Balancing speed and compliance across international data flows, especially post-UK GDPR and EU adequacy changes
By Graham Reilly, Head of Information Security at Patchworks
The balance in this new shift relies on rapid, ubiquitous data sharing across supply chains and international borders to enable real time AI, IOT and CyberSecurity functions to transfer and process data seamlessly. This need for agility and speed clashes with the stringent compliance requirements to protect personal data.
The UK’s departure from the EU has created two distinct possible regulatory regimes, UK GDPR and EU GDPR. While both sides maintain regulatory alignment through the EU adequacy decision it does open up the possibility of regulatory divergence in the future. The UK’s government push to reform data protection measures opens up the possibility of that alignment changing in the future.

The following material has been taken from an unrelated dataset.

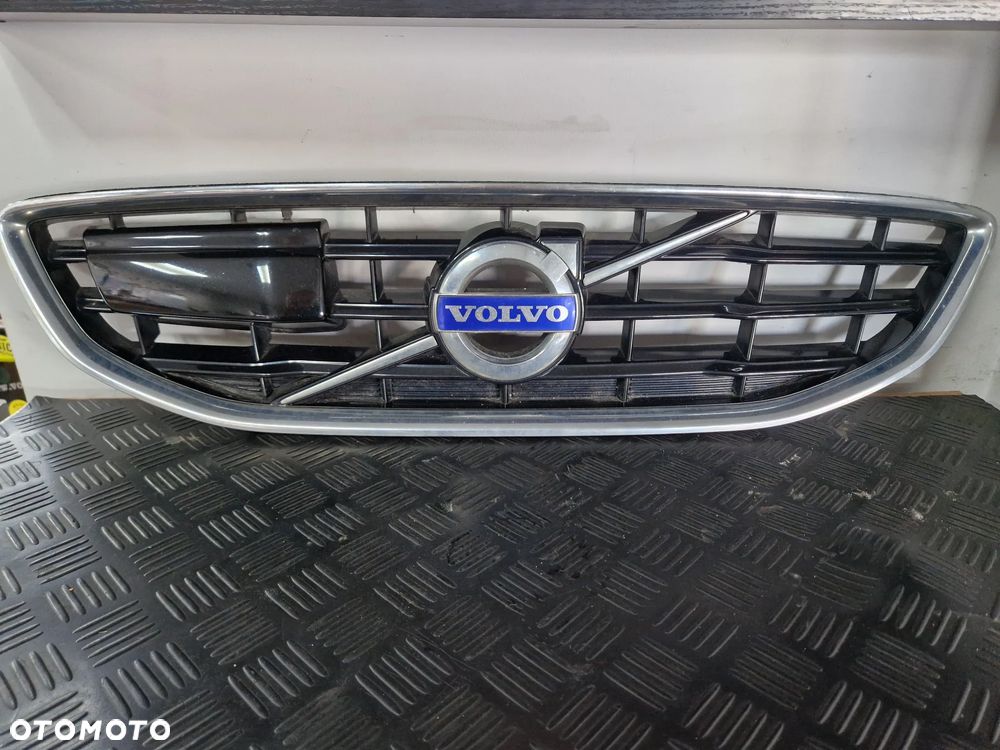ATRAPA GRILL RADAR  VOLVO V40II 12-16R  31301892 - 1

As an established UK iPaaS we receive, manage and are responsible for our customers personal data as a data processor under GDPR. This means that in practice our day to day business is tied closely to personal data processing so any data minimisation approach, where we limit this personal data processing is in our case not really possible. At Patchworks we’ve taken an initial approach of supplier and data localisation to minimise the compliance burden while allowing us to grow and scale at speed. We have over the last few years taken an approach to mitigate the regulation risk by hosting and processing our personal data “on-shore” to countries we know have an established and safe adequacy agreement with the EU. This has the effect of reducing the administration burden of completing third country risk assessments like the International Data Transfer Agreement (IDTA) (UK).
In practical terms that has involved comprehensively assessing our supply chain both in terms of 3rd party hiring and through contacts and relationships with digital software and service procurement. This has meant looking closer at things like hiring practices in specific locations and taking a closer look at our SaaS software providers who host / process our customer personal data. This has involved first moving away from any currently designated third country supplier to “safer” countries with current adequacy agreements in place to reduce the compliance burden.

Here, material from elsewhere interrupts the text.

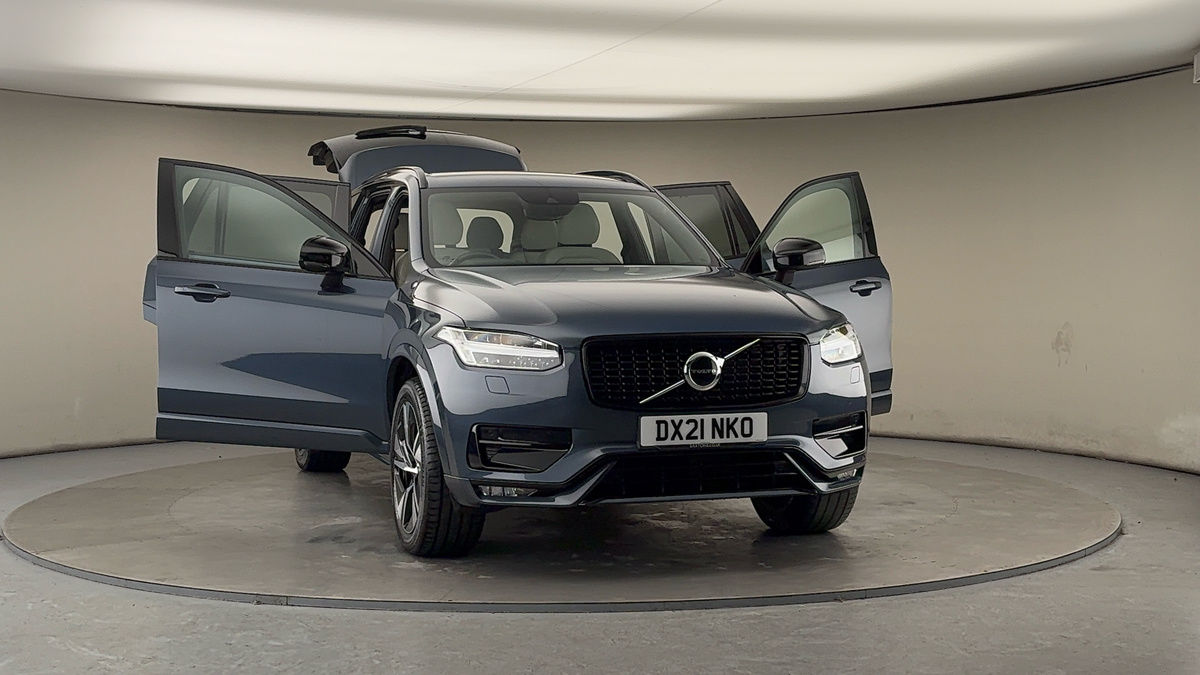 More views of Volvo XC90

In terms of new suppliers for 3rd parties that process our customers data we are now completely focused on the EU and the UK to reduce that burden. In parallel we also needed to identify any software SaaS applications we do use and if that processing could be brought back onshore. A lot of especially larger vendors do offer this approach, processing core data in specific regions but offering a hosting option on servers locally e.g AWS EU/UK, Atlassian in EU etc.
Following on from recent moves in the UK to reform the Data protection and Privacy rules we have been forced to consider further consolidation under the EU GDPR. It’s not out of the question that wider geopolitics could play a part in any final alignment on data protection and privacy rules within the UK.
Could the UK ultimately align closer with rules and regulations of the US and move more permanently away from the EU? It’s possible. The world is fragmenting into competing trade blocs with some evidence that this is also happening with digital rules and governance. Customers and clients increasingly care where and how their personal data is processed. UK businesses need to be able to evaluate the risk and be prepared for any change of course from the UK government in terms of alignment to any new set of rules.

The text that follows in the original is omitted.